VII. Clustered Index

Innerdb The primary key is the clustered index;

A clustered index is not a separate index type, but a way of storing data.

The clustered index of the Innerdb actually holds the B-tree index and data rows in the same structure.

 

In the Innerdb engine, if no primary key is defined, Innerdb chooses a unique non-empty index instead.

Without such an index, INNERDB implicitly defines a primary key to be used as the clustered index.

Some important advantages of clustered indexes:

1, the relevant data can be saved together. For example, when implementing e-mail, you can aggregate data based on user ID.

This only requires reading a small number of data pages from the hard disk to get all the mail for a user. If you do not use a clustered index,

Each message can cause disk IO to occur once.

2, data access faster. (Clustered index saves indexes and data in the same b-tree)

3. Queries using the Overwrite index Scan can use the primary key values directly in the page node.

Disadvantages of Clustered indexes:

1, cluster data to maximize the performance of IO-intensive applications;

2, insertion speed depends heavily on the insertion order;

3, the cost of updating the clustered index is very high, because it forces Innerdb to move each updated row to a new location;

4, clustered index may cause the whole table scan to become slow, especially the row is sparse or the data is discontinuous;

The 5, two-level index (nonclustered index) may be larger than expected because the leaf node in the two-level index contains the primary key column of the reference row;

6, two-level index access requires two index lookups, not one at a time;

 

Viii. Summary

There are three principles to keep in mind when selecting indexes and writing queries using these indexes:

1, single-line access is the slowest.
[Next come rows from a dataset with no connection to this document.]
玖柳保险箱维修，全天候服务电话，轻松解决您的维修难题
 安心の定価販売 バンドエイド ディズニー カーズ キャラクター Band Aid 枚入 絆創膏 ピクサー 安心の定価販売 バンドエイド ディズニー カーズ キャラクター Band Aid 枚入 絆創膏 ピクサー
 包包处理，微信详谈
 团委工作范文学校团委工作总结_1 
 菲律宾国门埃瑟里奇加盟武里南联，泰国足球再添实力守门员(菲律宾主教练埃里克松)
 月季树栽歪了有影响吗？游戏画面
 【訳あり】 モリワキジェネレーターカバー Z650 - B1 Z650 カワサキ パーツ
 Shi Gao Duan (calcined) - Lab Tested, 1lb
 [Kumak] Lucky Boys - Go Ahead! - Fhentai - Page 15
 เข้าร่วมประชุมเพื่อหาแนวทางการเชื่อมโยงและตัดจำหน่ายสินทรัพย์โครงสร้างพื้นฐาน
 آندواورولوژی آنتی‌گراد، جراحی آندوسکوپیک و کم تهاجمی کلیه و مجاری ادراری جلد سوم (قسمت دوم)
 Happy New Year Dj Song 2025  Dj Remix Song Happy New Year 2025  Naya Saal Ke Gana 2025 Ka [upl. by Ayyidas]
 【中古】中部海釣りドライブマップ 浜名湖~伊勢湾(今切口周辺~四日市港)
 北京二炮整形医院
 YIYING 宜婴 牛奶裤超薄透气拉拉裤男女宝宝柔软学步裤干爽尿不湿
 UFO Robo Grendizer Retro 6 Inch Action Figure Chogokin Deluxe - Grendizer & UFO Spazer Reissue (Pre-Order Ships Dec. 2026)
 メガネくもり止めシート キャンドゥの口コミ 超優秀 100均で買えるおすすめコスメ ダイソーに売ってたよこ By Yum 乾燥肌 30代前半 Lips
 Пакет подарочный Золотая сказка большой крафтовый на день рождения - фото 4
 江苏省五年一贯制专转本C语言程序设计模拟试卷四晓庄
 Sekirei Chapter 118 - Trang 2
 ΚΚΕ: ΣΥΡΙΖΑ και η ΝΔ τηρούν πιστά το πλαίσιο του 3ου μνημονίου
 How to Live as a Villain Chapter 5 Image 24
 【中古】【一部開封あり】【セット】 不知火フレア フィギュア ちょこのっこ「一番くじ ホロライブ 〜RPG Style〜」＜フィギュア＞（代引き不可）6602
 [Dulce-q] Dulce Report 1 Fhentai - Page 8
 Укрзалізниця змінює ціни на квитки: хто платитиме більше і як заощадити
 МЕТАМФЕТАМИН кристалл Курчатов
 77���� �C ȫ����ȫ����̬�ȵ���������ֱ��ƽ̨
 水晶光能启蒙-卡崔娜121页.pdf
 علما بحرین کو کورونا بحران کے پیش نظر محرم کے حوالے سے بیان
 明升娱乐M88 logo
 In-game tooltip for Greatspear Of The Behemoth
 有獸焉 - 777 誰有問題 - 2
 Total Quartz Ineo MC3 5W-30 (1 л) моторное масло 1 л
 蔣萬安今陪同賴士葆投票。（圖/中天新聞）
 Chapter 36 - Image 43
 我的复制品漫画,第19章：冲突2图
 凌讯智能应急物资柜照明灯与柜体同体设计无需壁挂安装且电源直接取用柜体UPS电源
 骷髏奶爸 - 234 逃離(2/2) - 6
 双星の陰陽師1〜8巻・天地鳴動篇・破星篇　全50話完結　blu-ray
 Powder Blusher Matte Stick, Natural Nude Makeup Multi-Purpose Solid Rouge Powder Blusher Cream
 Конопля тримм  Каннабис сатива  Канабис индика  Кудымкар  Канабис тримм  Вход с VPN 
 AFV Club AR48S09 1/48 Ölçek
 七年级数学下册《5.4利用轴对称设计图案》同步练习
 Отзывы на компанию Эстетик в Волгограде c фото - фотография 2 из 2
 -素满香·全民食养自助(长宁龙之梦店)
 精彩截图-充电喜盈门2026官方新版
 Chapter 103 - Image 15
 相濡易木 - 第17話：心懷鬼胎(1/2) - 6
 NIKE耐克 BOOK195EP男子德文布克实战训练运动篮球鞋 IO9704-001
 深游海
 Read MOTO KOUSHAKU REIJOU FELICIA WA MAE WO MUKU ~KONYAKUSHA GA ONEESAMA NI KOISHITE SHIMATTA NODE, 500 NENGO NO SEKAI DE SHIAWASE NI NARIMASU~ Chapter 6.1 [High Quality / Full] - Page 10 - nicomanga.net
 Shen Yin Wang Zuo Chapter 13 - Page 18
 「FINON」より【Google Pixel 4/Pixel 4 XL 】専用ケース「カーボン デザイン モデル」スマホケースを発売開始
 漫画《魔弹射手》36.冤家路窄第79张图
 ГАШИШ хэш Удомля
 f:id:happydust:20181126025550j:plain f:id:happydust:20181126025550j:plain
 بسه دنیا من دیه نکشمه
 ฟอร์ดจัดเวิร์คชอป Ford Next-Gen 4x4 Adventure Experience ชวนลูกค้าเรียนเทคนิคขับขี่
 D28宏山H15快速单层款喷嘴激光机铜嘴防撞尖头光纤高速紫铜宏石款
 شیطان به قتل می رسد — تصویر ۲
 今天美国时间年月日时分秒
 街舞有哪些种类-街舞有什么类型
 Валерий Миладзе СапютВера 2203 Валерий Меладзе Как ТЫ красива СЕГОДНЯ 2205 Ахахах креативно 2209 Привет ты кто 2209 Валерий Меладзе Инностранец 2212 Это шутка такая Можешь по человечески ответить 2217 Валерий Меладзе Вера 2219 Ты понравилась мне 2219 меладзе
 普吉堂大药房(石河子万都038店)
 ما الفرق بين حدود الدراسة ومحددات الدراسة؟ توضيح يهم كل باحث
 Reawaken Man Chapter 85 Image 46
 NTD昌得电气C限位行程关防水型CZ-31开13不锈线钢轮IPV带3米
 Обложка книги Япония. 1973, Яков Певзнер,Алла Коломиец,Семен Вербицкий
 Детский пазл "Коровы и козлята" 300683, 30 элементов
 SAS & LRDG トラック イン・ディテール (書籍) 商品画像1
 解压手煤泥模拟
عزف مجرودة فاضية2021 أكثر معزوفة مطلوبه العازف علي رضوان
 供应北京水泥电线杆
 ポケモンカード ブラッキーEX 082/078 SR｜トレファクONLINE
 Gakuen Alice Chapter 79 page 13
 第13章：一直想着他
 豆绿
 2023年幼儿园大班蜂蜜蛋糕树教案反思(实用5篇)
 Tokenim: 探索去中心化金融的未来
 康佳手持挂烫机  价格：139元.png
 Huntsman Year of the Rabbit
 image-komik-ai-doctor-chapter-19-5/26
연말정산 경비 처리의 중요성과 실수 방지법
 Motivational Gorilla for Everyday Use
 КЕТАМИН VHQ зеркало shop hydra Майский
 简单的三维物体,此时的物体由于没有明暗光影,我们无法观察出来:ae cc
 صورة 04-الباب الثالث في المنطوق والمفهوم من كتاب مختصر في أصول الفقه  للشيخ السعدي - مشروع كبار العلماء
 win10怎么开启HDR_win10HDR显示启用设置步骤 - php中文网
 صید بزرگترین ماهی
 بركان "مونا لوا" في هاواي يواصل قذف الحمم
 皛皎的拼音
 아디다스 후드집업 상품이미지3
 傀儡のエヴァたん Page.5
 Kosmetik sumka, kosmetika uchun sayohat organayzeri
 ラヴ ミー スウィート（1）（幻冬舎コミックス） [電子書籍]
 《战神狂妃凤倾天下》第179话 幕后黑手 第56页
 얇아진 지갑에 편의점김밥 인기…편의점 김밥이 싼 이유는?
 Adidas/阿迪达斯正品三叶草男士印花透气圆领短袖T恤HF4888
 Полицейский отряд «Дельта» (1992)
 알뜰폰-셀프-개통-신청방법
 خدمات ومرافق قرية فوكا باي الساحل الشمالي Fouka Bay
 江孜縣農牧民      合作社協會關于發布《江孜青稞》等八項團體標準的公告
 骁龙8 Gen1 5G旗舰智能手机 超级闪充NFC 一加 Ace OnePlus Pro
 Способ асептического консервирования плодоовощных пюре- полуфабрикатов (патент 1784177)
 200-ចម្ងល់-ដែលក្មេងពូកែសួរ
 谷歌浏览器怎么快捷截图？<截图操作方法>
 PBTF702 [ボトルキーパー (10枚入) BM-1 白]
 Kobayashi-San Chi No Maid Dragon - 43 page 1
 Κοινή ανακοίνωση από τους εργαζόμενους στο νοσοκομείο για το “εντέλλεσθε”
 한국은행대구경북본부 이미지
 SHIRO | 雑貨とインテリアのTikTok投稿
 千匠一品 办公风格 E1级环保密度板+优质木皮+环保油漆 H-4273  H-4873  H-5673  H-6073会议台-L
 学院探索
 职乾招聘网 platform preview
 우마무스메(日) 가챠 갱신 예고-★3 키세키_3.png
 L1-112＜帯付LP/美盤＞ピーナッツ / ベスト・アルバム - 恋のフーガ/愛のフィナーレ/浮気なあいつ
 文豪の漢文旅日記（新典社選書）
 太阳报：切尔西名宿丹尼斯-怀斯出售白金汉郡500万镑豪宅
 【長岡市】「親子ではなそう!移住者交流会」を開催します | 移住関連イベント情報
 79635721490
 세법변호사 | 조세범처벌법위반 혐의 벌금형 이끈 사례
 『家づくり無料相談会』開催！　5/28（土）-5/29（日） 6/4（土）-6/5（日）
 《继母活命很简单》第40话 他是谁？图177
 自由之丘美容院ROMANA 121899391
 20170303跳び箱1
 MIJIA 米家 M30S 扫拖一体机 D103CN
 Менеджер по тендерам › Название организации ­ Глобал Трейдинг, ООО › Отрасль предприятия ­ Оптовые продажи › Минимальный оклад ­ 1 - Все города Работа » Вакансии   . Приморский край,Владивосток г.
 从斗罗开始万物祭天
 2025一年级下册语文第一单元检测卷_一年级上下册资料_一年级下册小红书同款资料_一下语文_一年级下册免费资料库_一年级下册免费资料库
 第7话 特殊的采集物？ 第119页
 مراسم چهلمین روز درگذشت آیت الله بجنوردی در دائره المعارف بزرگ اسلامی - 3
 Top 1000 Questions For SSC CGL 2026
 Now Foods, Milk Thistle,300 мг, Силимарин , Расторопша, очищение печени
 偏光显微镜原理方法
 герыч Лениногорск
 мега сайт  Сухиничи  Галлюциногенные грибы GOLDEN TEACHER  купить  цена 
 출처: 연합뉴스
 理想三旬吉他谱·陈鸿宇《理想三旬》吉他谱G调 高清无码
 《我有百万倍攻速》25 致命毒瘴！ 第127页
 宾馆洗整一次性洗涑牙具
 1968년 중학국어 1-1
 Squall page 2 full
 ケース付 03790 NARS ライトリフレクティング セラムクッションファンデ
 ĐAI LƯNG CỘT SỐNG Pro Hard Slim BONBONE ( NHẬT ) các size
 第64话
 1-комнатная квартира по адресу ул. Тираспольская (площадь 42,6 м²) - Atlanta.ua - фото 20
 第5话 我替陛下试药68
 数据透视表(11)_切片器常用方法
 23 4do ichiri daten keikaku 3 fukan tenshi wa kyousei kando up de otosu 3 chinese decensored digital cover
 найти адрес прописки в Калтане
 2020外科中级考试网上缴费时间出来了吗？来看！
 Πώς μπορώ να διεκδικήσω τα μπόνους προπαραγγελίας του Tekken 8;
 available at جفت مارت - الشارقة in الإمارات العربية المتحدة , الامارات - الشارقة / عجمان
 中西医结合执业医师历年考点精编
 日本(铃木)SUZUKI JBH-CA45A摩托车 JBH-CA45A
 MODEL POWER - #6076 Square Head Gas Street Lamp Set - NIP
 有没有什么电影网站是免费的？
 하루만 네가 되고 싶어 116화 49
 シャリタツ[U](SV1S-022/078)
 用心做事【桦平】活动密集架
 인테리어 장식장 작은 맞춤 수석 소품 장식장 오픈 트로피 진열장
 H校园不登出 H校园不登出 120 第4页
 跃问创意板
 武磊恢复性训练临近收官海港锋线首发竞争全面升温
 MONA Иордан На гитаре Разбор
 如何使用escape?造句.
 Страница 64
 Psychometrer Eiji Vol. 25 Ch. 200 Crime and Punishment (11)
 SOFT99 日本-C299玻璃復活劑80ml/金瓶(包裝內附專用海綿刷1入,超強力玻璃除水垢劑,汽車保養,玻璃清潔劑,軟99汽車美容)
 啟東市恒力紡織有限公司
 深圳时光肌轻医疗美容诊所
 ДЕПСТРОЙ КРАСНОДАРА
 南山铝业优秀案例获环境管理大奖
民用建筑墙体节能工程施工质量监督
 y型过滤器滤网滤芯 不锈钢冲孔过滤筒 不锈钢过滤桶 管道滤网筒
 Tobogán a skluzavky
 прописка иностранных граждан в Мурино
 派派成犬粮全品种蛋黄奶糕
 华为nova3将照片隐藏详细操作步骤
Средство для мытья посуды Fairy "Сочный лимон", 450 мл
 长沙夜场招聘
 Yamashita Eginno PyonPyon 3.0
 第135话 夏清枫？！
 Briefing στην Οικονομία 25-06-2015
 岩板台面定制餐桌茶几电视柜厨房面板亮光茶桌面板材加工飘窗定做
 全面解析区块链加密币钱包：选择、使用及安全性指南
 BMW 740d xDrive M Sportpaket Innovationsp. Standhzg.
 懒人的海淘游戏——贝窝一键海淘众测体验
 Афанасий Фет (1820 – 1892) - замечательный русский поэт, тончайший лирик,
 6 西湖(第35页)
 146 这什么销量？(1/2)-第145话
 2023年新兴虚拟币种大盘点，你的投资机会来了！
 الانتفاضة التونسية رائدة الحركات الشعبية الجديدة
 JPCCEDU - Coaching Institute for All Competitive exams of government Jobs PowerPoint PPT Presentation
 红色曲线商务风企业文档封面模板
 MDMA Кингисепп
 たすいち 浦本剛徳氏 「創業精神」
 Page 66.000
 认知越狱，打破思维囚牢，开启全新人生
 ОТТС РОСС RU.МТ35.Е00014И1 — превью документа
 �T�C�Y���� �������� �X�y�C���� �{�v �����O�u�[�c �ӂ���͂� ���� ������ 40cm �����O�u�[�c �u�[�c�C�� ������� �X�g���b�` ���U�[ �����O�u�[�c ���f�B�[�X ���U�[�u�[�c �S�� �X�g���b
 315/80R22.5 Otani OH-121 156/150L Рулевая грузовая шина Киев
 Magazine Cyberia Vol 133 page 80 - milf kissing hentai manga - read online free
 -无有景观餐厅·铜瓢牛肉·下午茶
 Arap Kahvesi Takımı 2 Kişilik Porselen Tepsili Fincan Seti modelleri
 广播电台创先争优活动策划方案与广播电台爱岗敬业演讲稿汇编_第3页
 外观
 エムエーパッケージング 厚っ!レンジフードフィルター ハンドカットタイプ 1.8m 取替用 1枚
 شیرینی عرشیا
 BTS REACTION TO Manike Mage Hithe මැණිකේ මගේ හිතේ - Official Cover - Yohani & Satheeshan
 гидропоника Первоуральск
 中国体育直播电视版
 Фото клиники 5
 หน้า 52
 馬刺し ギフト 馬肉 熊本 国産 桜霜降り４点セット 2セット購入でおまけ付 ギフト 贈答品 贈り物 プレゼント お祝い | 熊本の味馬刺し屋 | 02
Especially in mechanical hard drives (SSD random I/O is much faster, but this is still true).

If the server reads a chunk of data from storage just to get one of the rows,

So a lot of work is wasted, and it's best to read a block that contains as many rows as needed.

2, sequentially access to the range of data is very fast, two reasons:

A, sequential I/O does not require multiple hard drive seek, so much faster than random I/O (especially mechanical hard disk);

b, if the server can read the data sequentially, so long no longer need additional sorting operations,

also, the GROUP by query does not need to be sorted and the rows are aggregated.

C, index overwrite query quickly, if an index contains all the columns required by the query,

Then the storage engine does not need to return to the table to find rows, which avoids a large number of single-row access;

In short, write a query statement to choose the appropriate index to avoid single-row lookups.

//Import from Evernote, formatting slightly biased.

MySQL Indexing knowledge grooming (creating high-performance indexes)

Related Article

Contact Us

The content source of this page is from Internet, which doesn't represent Alibaba Cloud's opinion; products and services mentioned on that page don't have any relationship with Alibaba Cloud. If the content of the page makes you feel confusing, please write us an email, we will handle the problem within 5 days after receiving your email.

If you find any instances of plagiarism from the community, please send an email to: info-contact@alibabacloud.com and provide relevant evidence. A staff member will contact you within 5 working days.

A Free Trial That Lets You Build Big!

Start building with 50+ products and up to 12 months usage for Elastic Compute Service

  • Sales Support

    1 on 1 presale consultation

  • After-Sales Support

    24/7 Technical Support 6 Free Tickets per Quarter Faster Response

  • Alibaba Cloud offers highly flexible support services tailored to meet your exact needs.